- Opening Delimiter -

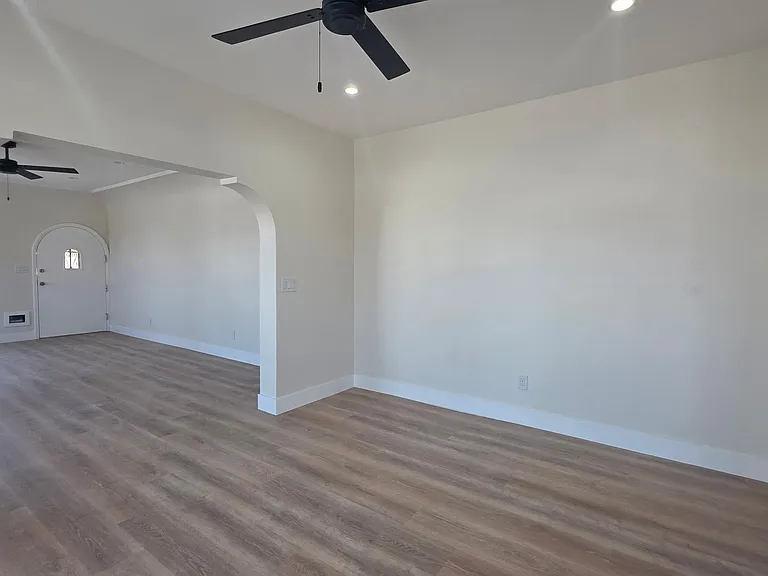 5706 S Figueroa St #5706 — Photo 14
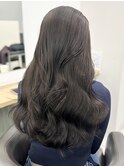 オリーブグレージュ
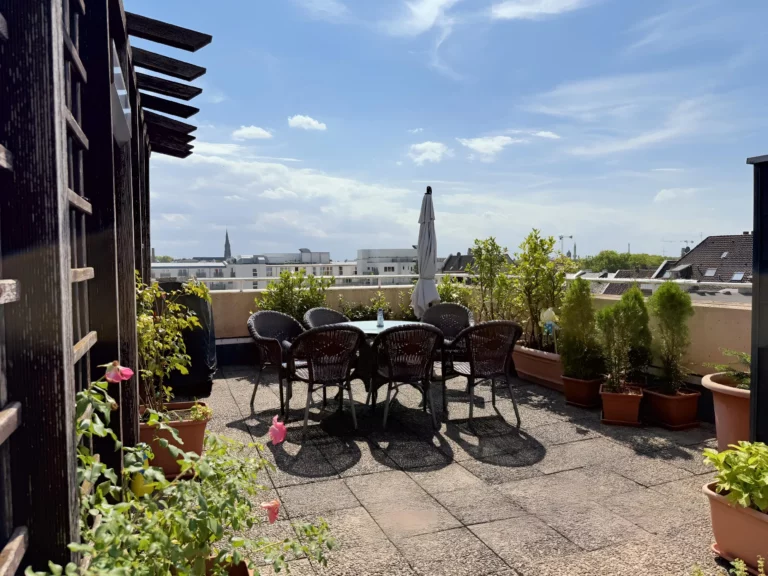 PENTHOUSEWOHNUNG MIT DACHTERRASSE IN KREFELD ZU VERKAUFEN!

- Closing Delimiter -

What this task involves: Retype the data above as given, letting no picture into the copy.

Finished exercise:
 5706 S Figueroa St #5706 — Photo 14
 オリーブグレージュ
 PENTHOUSEWOHNUNG MIT DACHTERRASSE IN KREFELD ZU VERKAUFEN!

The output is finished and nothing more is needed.